# Question about whiskers



## Milky's Mammy (Oct 17, 2011)

Just a general question about whiskers that has been on my mind for a while now.

I'm sure you've all noticed that your cat's whiskers move/change directions every now and again. My question is, does it mean anything when it's sitting straight across compared to when it sticks out in front or when it's up or down?


----------



## Huge2 (Jan 28, 2008)

Probably just picked up BBC Radio 4....


----------



## yingying (Jul 19, 2011)

When the whiskers point forward, it means the cat is highly interested in something. When my cats are playing with a new toy or ready to "hunt", their whiskers are like that. Whiskers pull backward means an angry/scared cat. A slightly downward position is the sign of relaxation. I've never noticed my cats whiskers point up


----------



## feedmycats (Jan 31, 2012)

Huge said:


> Probably just picked up BBC Radio 4....

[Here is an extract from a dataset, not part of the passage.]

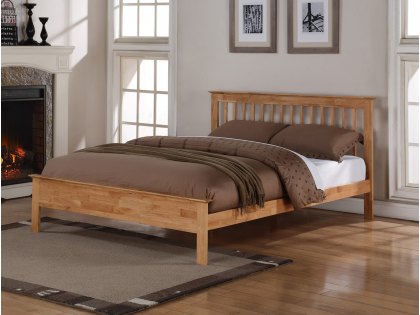 Flintshire Pentre 4ft Small Double Oak Wooden Bed Frame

And is desperately trying to switch stations! :lol:


----------



## Milky's Mammy (Oct 17, 2011)

yingying said:


> When the whiskers point forward, it means the cat is highly interested in something. When my cats are playing with a new toy or ready to "hunt", their whiskers are like that. Whiskers pull backward means an angry/scared cat. A slightly downward position is the sign of relaxation. I've never noticed my cats whiskers point up


 
Thanks so much for the info! I was always wondering what it meant when they point in different directions. I've seen Milky's whiskers pointing forward a lot recently, but can't really think of anything new we've had for him to play with! Anyway, good to know this! Thanks again! :yellbounce


----------



## asrowley (Dec 17, 2011)

Lol yeah that description was right on the money. One thing as well, they twitch around when they are looking for something. It's like a subconcous radar blip.


----------